To increase your resilience, you need to embrace a participative management model. But do you know what exactly is the Agile culture? Customer value, alignment and continuous improvement.
When we talk about teamwork, the image of rowing often comes to mind. All team members aim for the same goal and row in rhythm. It is a beautiful image to showcase group work. his metaphor is used frequently to describe team management. However, this management is directive. Agile (or Lean) culture is the opposite of this image.
To make the best use of everyone’s skills, and with a focus on operational excellence, participative management yields better results. When your business model is based on operational excellence, the Agile culture will best support your objectives.
Beyond the traditional joke of two companies fighting each other, I invite you to reflect on your organizational context, to choose the most appropriate management mode.
Rowing: an example of directive management
In the metaphor of rowing, the power of the group rests on three aspects: the team works
- in rhythm,
- to achieve a common goal,
- with confidence.
As the team rows harder with their backs to the goal, they rely on the coxswain. Thus, she guides the team to its destination. This is a great vote of confidence from the rowers, who don’t necessarily know where they are going.
In the working world, the manager is the coxswain. She knows where she needs to take her boat (at least her team hopes so). As a result, she assigns work and sets the pace. The team knows its destination, but is not aware of the route taken.
Organizations with a low level of autonomy use this management model. Their paternalistic and authoritarian culture is perfectly suited to this type of management. This is also the type of management recommended when you have to manage a crisis. Normally, you have defined the response beforehand. In a crisis, you focus on executing your plans.
Rafting: an example of participative management
Unfortunately, in many organizations, knowing where to go and going there in rhythm it is not enough. The hierarchical organization of rowing is ideal for quiet rivers or lakes.
On a raging river or sea, there is a large flow of water. Sometimes rapids that hide at the turn of corner. Often, branches hinder navigation. Our rowing team and its rowers, as motivated as they are, will not go very far.

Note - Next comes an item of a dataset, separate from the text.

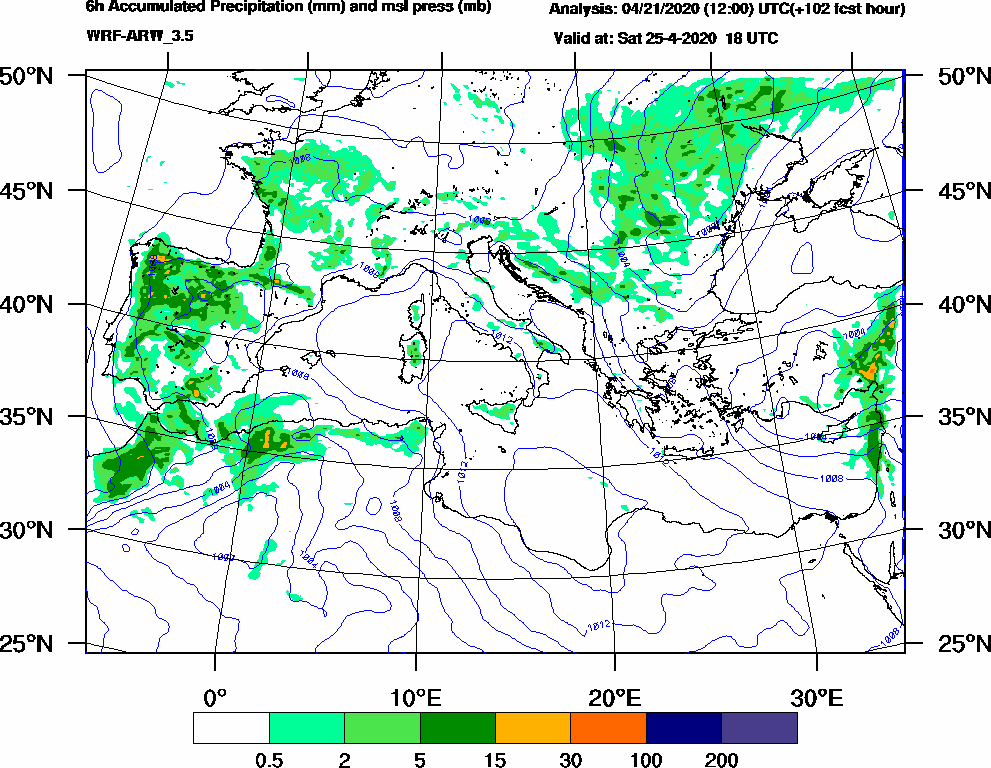 6h Accumulated Precipitation (mm) and msl press (mb) - 2020-04-25 12:00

It takes a much more maneuverable boat to bring the team to port, like a raft. Everyone knows where to go. But more than that, each one sees the obstacles and participates as best as she can in the navigation. Some rules were given initially. But in the end, everyone works to the best of their abilities to achieve the common goal.
Deploy an Agile culture
Alone I go faster, together we go further.Proverb
Operational excellence takes us further. Organizations that have adopted the tools, but especially the principles, are indeed more efficient. Here are a few Agile culture key principles.

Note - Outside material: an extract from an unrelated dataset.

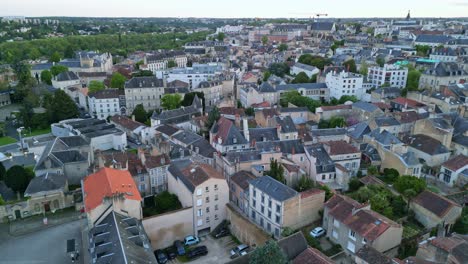 Poitiers-city,-France.-Aerial-forward-and-cityscape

Create value for the customer
The organization works for the customer, it puts her at the center of its concerns. More details in my article on client experience and added value. This is the case for most organizations. If the customer is not satisfied, she goes elsewhere…
Everyone should know who their client is. I am thinking of the internal customer, the one who receives the fruit of the work, but also of the final customer, the one who pays for the product or the service, and who thus ensures the salary of all.
Align the organization
This guiding principle is identical in both directive and participative management. What is changing is the way teams are informed. In Agile organizations, daily management is standardized, with scrums, also called huddles or stand-up meetings. These daily meetings are an opportunity to shorten the iterations. Everyone knows at a high level what others are working on. Blockers are identified and quickly moved up the hierarchy.
The strategies are translated into objectives during an exchange between managers and operational teams. But this is a two-way exchange. It is a collective work.
Managers stay connected to reality by going to the Gemba regularly. The Agile culture involves respect for the individual, but above all managers’ humility.
Finally, Agile culture strives for perfection. It ensures quality at the source. Tools like the Jidoka (stop at first fault), ensure that operations remain efficient. The Agile culture is process-centric. Humans do their best with processes. If there is an error, it is a faulty process. The manager will ask the question “why?” rather than “who?”
There are a number of tools to support this approach, I describe a few in this blog. But they only work if they are used with the right mindset.
Does the Agile culture apply in your organization?
In what environment does your organization evolve? In the end, few have the “chance” to have ideal conditions to navigate. The performance of an organization is now gauged by its ability to adapt. And so that all teammates can participate in the best they need information. They must know the rules, the goal to achieve and the obstacles that stand. Hiding information from them or delaying information sharing will only increase the stress and hardships of the team. Raft-type management is a much better example of teamwork in a participatory mode.
Even if the picture is more chaotic than that of rowing, it is this type of management that increases the performance of the organizations, giving the opportunity to the whole group (and not an individual) to decide the actions.